> **WHAT IS REQUIRED**
Check every line of the records below for the string "again" and copy the ones that have it.

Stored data
↓

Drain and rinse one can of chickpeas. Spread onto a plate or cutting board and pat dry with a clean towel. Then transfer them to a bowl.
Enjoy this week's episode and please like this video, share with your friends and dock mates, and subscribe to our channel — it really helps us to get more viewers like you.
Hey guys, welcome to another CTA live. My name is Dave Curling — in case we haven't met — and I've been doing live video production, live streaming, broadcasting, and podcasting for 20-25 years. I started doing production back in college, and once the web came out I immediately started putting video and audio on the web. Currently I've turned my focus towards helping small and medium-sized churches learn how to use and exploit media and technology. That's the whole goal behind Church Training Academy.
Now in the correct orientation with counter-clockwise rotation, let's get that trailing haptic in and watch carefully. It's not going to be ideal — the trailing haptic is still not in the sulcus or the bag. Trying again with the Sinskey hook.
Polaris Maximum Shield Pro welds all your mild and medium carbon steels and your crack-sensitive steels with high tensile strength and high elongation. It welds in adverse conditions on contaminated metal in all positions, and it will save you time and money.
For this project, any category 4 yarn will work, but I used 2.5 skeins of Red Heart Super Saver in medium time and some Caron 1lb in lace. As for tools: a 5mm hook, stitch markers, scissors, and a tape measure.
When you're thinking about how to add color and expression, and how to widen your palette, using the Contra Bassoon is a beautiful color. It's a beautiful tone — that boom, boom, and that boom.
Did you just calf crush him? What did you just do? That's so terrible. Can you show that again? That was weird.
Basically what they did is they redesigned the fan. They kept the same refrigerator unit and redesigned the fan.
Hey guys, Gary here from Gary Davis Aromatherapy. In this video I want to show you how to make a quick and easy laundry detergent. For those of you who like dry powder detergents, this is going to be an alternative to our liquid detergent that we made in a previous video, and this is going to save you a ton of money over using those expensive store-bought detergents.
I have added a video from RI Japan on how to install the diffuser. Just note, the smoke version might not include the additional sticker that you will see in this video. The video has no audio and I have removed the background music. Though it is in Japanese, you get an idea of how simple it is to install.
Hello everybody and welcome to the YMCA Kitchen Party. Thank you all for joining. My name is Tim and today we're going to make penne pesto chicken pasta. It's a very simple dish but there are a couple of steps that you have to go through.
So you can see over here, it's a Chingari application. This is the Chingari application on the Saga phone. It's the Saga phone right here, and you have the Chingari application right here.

↑

> **SOLVED PROBLEM**
Now in the correct orientation with counter-clockwise rotation, let's get that trailing haptic in and watch carefully. It's not going to be ideal — the trailing haptic is still not in the sulcus or the bag. Trying again with the Sinskey hook.
Did you just calf crush him? What did you just do? That's so terrible. Can you show that again? That was weird.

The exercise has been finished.